If you have any questions, comments or even suggestions, please don’t hesitate to contact one or all of us.

 

We look forwarded to seeing you in Santa Barbara.

 

Course Unit Summaries

 

Unit 1: A Linear Collider Overview

This introductory lecture will set the stage for the following more detailed lectures. The overall main parameters and their constraints will be introduced via the important issue of the achievable luminosity (the luminosity scaling laws). Once these primary parameters have been introduced, the basic methods of achieving them will be discussed using an overview of the various sub-systems of a linear collider.

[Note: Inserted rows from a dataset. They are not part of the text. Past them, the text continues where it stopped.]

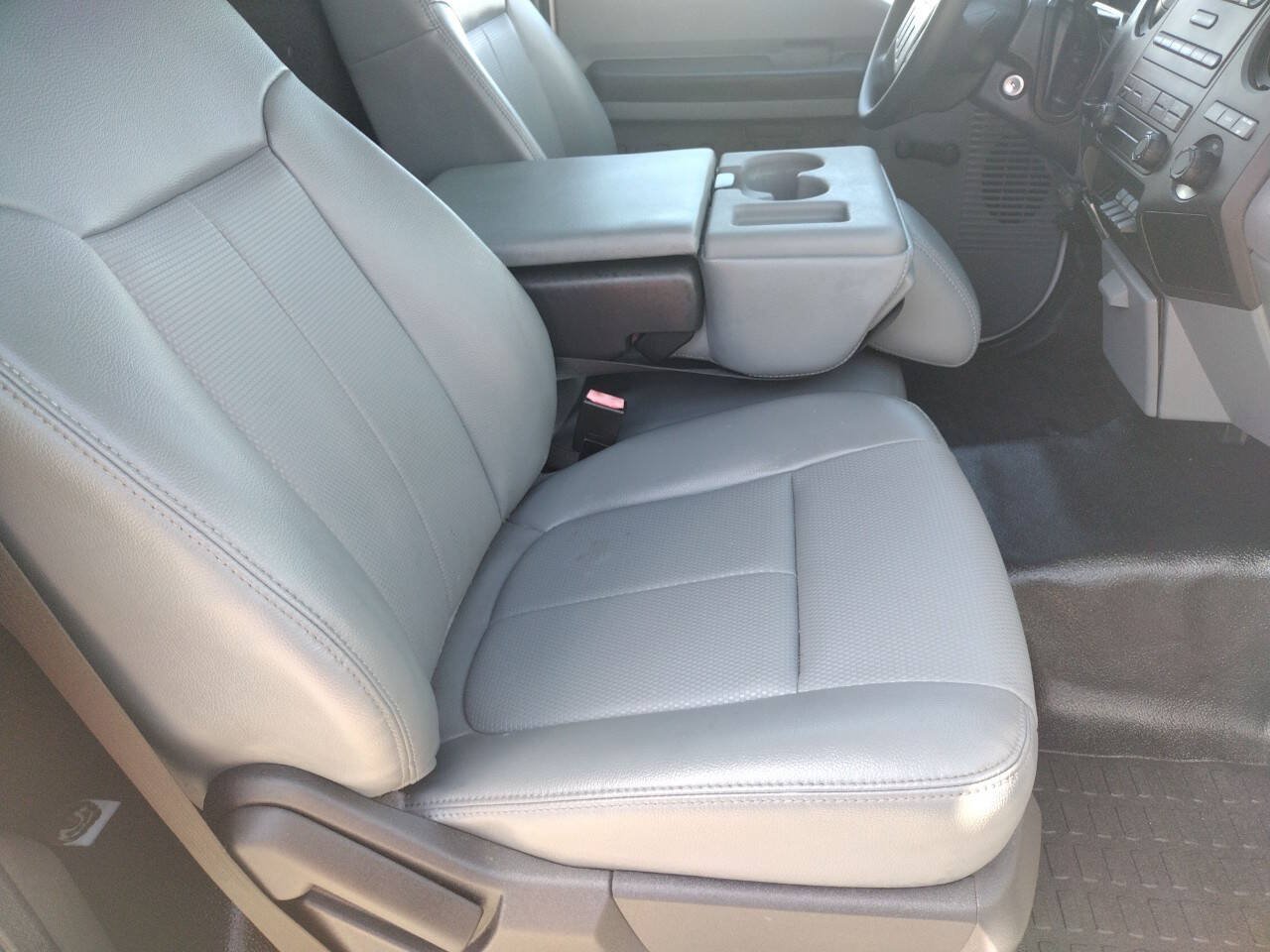 Used 2015 Ford F350 XL RWD image 14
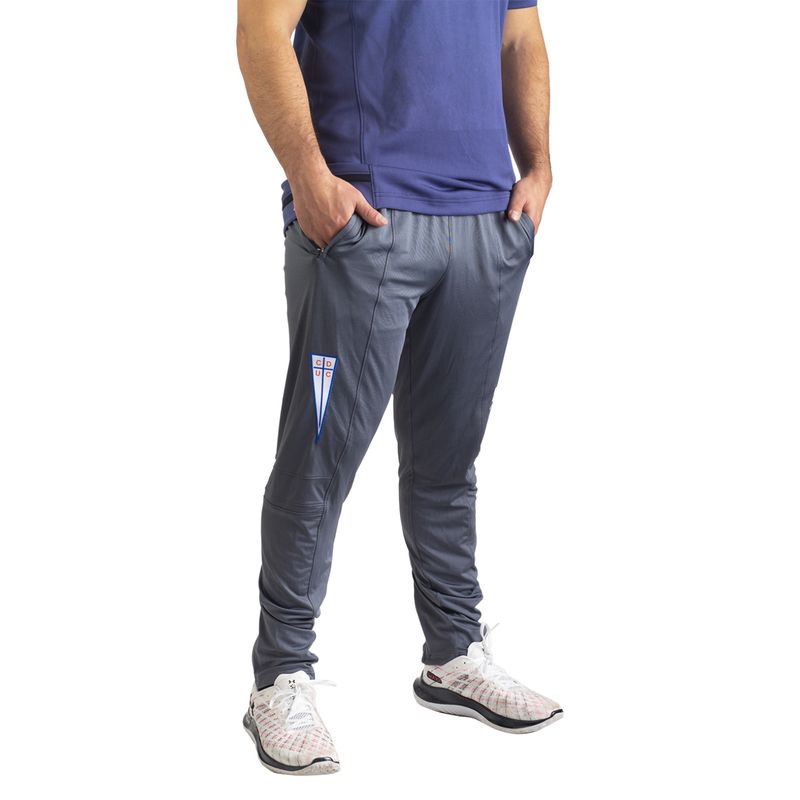 UNDER ARMOUR - Pantalón de Buzo Universidad Católica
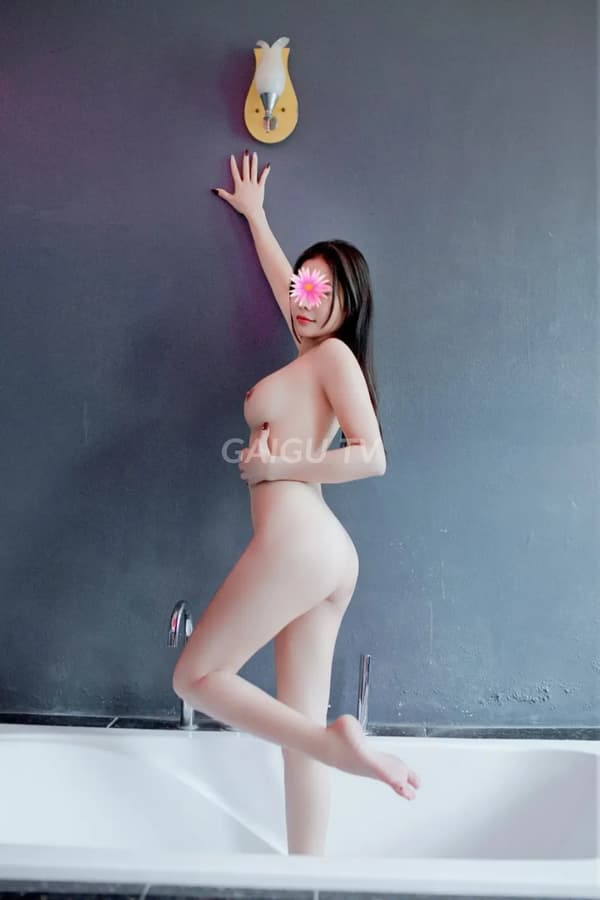 Linh Nhi Ngũ Hành Sơn Đà Nẵng 300k 13
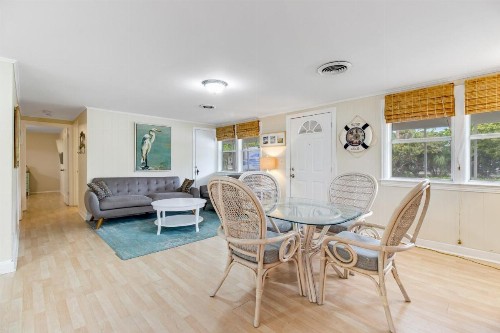 Gulf Shore Cottage - image 7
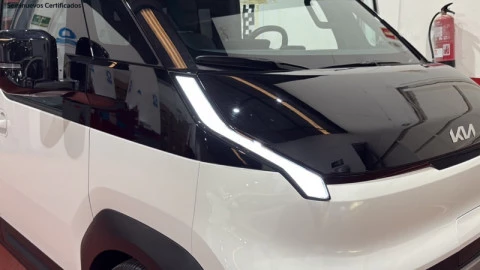 Kia PV5 Cargo Passenger L2H1 Long Range Plus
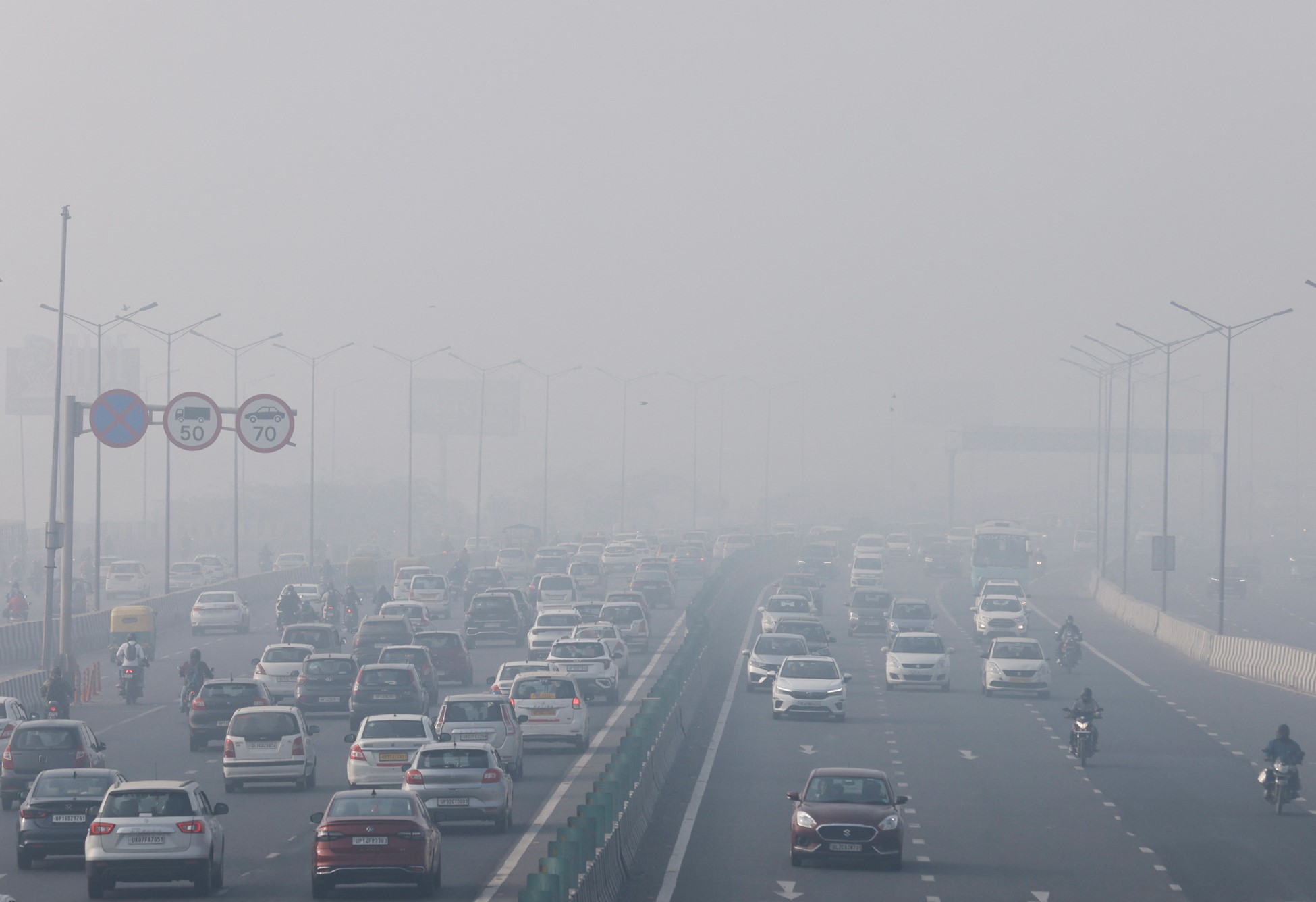 Traffic moves along a highway shrouded in heavy smog in New Delhi, India, December 26, 2023. Photo: Reuters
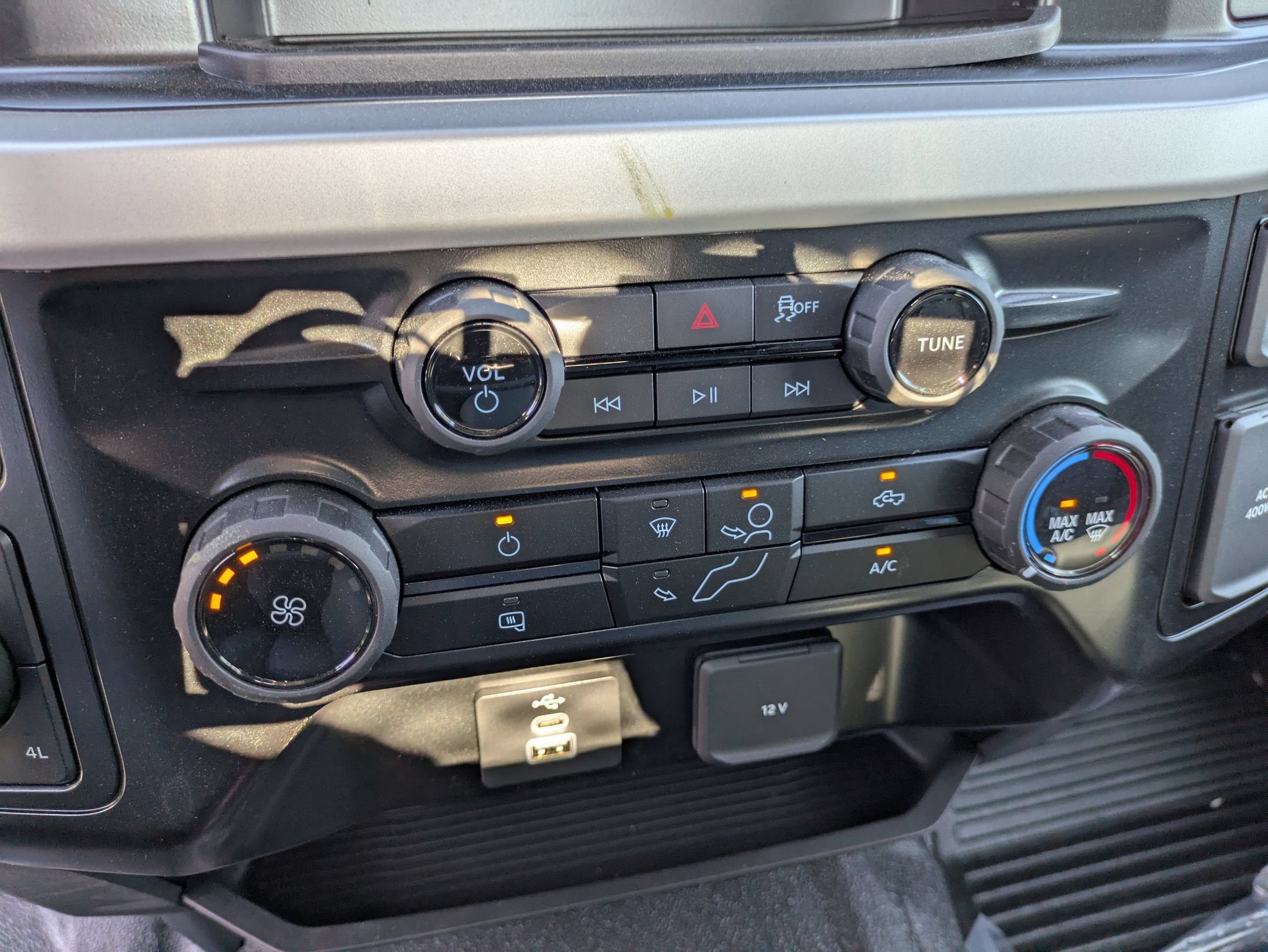 2026 Ford Super Duty F-550 DRW XL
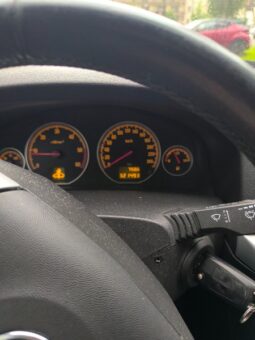 
										Opel Vectra 2005  1,9L Universalas full									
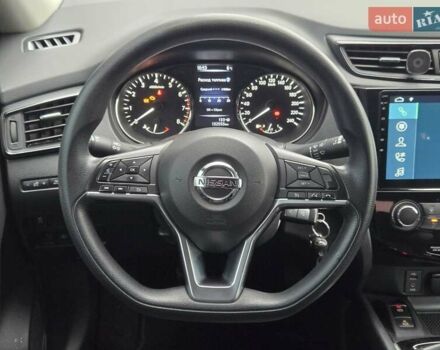 Черный Ниссан ИксТрейл, объемом двигателя 2 л и пробегом 133 тыс. км за 17900 $, фото 21 на Automoto.ua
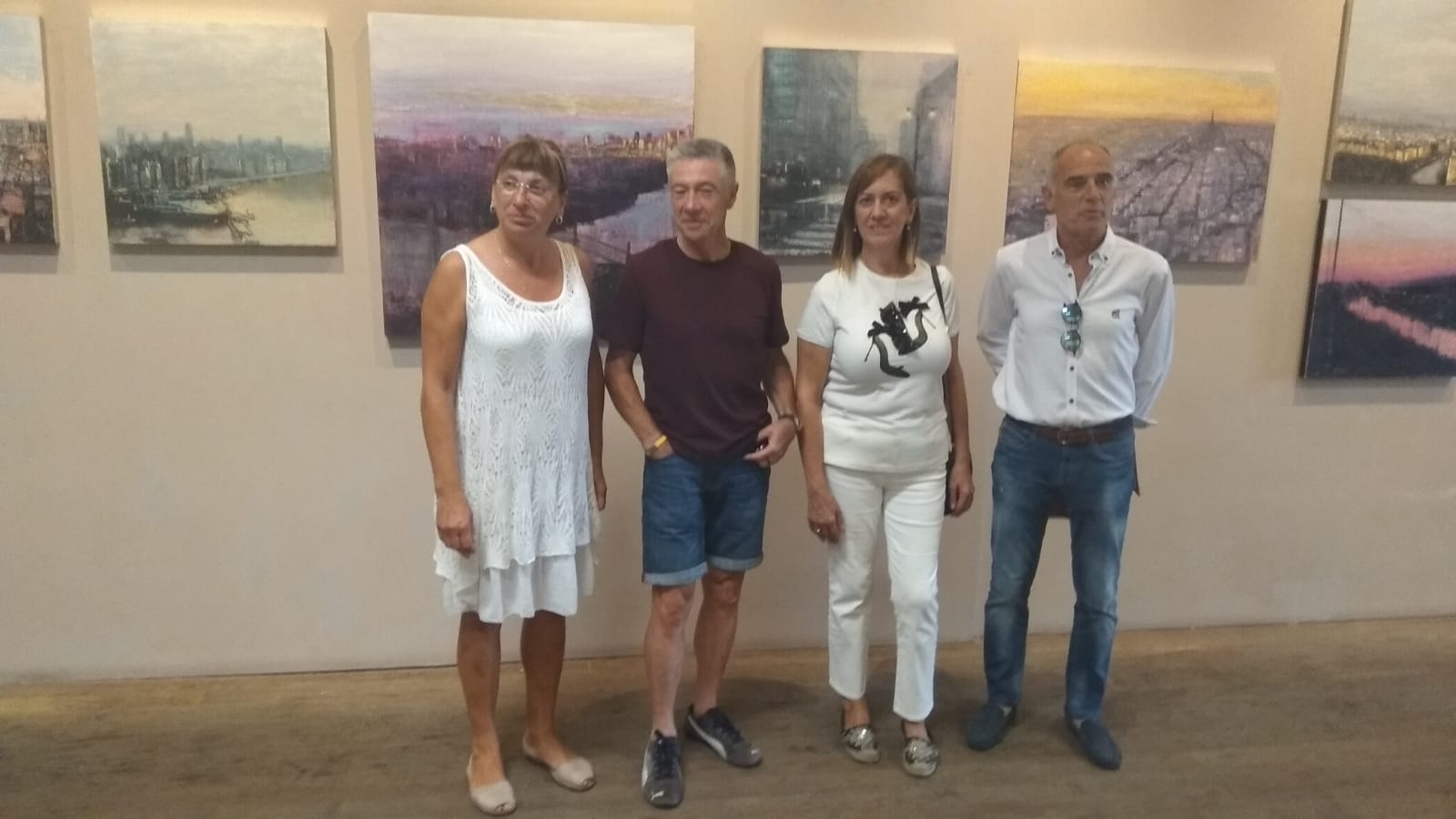 El Ateneo Café Universal, de Medina de Pomar, expone 28 pinturas del artista Javier Martínez hasta el día 10 de septiembre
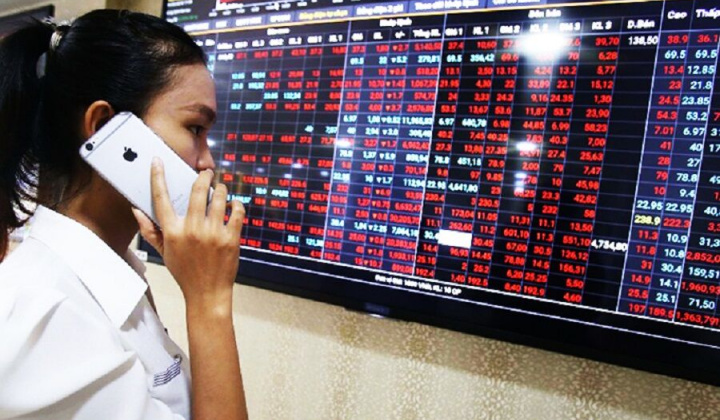 Nga tiến quân vào miền đông Ukraina, chứng khoán Việt Nam đỏ sàn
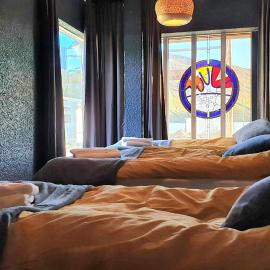 The Bank Sleeping Guesthouse, hotel din Neskaupstaður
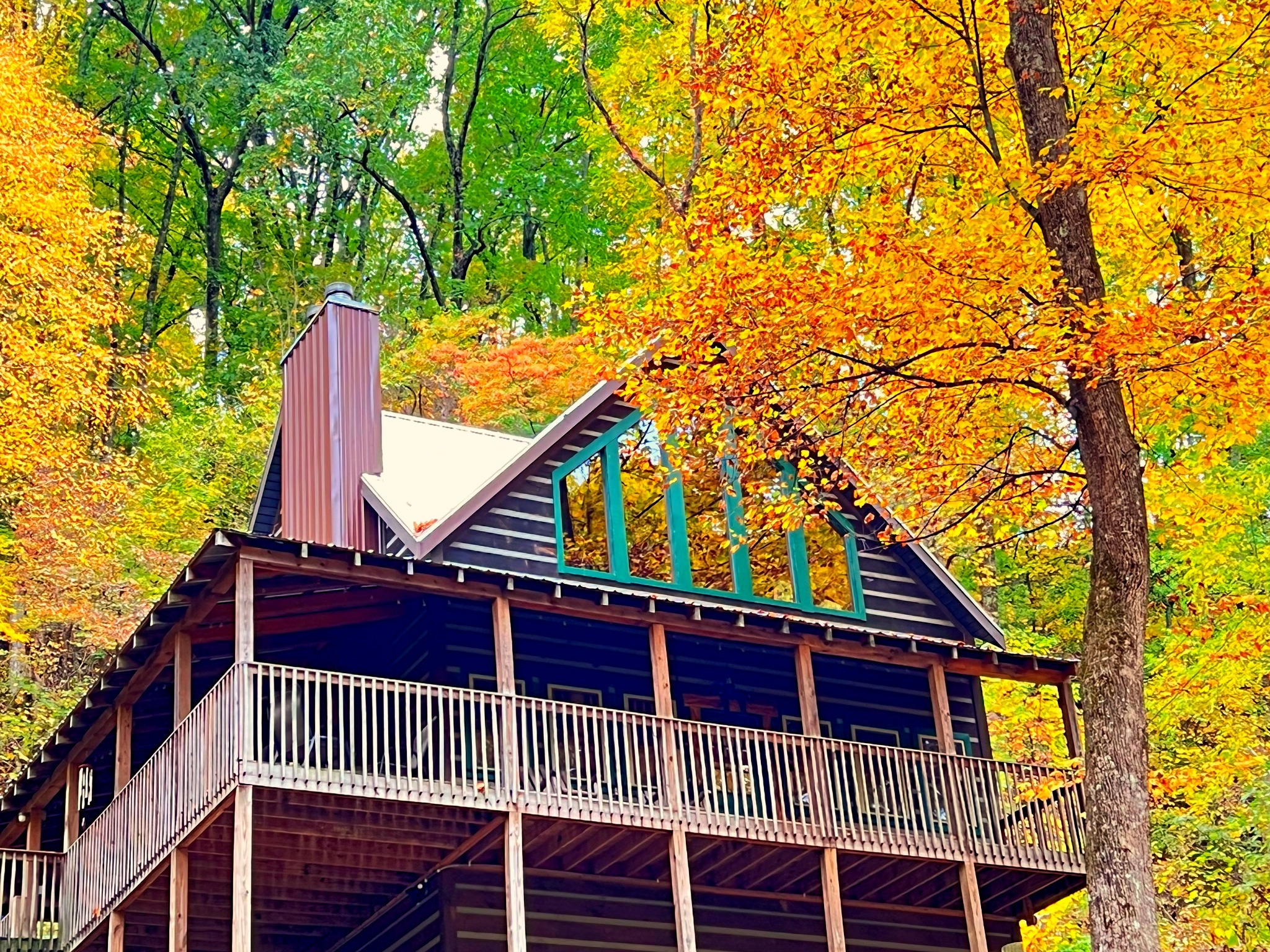 Romantic Escapes for Couples Who Love Fall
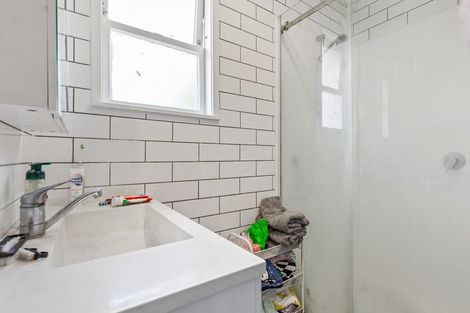 Photo of property in 119 Waimumu Road, Massey, Auckland, 0614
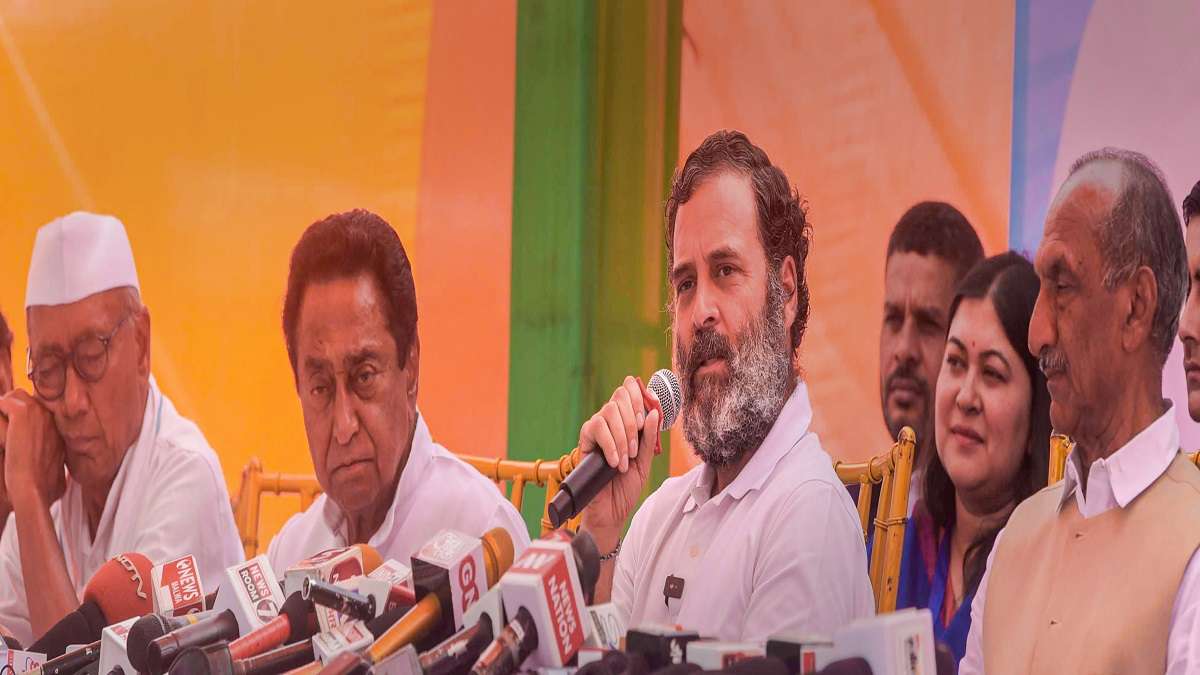 congress party shaken by the controversial statements of its own leaders । मध्य प्रदेश में कांग्रेस की राह में अपने ही बिछा रहे कांटे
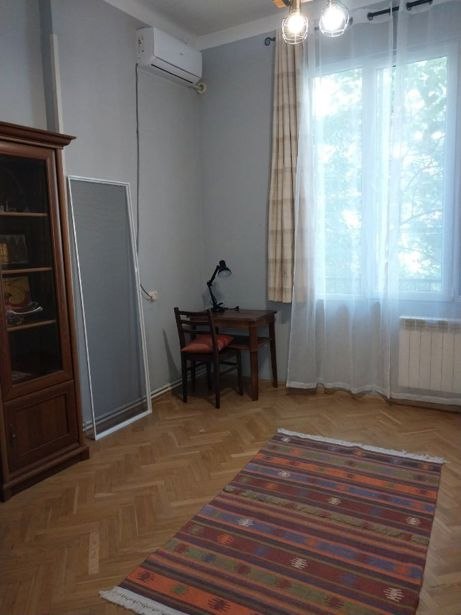 Apartment, 100 m² — St. Tarkhnishvili 18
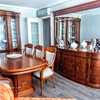 Conjunto de muebles de salón.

In addition to the specific LC material, the lecture will also contain a review of the necessary basic accelerator physics and terminology that will be required for the remainder of the course, including: concept of transverse phase space; transverse emittance; emittance preservation; effect of acceleration on transverse emittance; the b function and betatron oscillations; longitudinal emittance.

 

Summary:

 

  • Why an LC and not super-LEP (cost optimization)
  • The LC Luminosity Issue:
    • luminosity scaling with center-of-mass energy
    • collider luminosity expression
    • derivation of scaling laws for LC luminosity
    • identification of primary free parameters –  total RF power; vertical emittance; bunch length; beamstrahlung etc.
    • constraints on free parameters and realistic parameter sets
  • Overview of LC sub-systems (the ‘Generic’ LC)
    • sources (e+ and e-)
    • damping rings
    • bunch compression
    • main linac
    • final focus

 

 

Unit 2: Beam-Beam and other Interaction Region (IR) effects

The intense beam-beam interaction in a linear collider constrains the available luminosity through energy loss (beamstrahlung) and associated beam-beam induced backgrounds. This lecture will focus quantitatively on the particle dynamics of the beam-beam interaction (the ‘classical’ effects), while dealing somewhat more qualitatively with the subject of beamstrahlung and pair production (the quantum effects).

 

Summary:

 

  • electric field from a very flat beam
  • equation of motion of an electron in the field of the opposing beam
    • the linear solution and the Disruption Parameter Dx,y
    • oscillation number
  • the beam-beam kick and its importance for collision control (feedback)
  • beam-beam instabilities
    • single-bunch instability
    • multi-bunch kink instability, crossing-angles and crab-crossing
  • quantum effects
    • beamstrahlung and the ˇ parameter
    • pair production and backgrounds

 

Unit 3 & 4: The  Main Linac

The main linacs and their associated technology are at the heart of the linear collider. The following two lectures will specialize on the challenging problems of peak RF power generation  and the design of the accelerator structures and the beam dynamics of acceleration.

 

Unit 3:  Accelerating Structures and Linac Beam Dynamics

The linacs are constructed from many thousands of accelerating structures. An accelerating structure is a cavity or wave guide used to accelerate the beam. Apart from the primary goal of producing longitudinal acceleration, the structures are required to reduce other non-desirable effects such as wakefields and so-called higher-order modes (HOMs). Efficiency of energy transfer from RF to beam is also a primary concern and forms the principle design criterion for optimization.  The beam dynamics of the particles bunches within the structures is of pivotal concern in maintaining the required small emittance of the beam (both transverse and longitudinal).

 

Summary:

 

  • Overview:  The main linac as a repetitive array of acceleration and focusing elements
  • Making a usable accelerating wave (introduction to modes & wave guides)
    • electromagnetic waves in free space and why they are useless for acceleration

o      EM waves in regular cylindrical wave guide and why they are equally useless for acceleration

o      Single-cell accelerating cavities (in which we develop the basic formalism and “rules of the road” for…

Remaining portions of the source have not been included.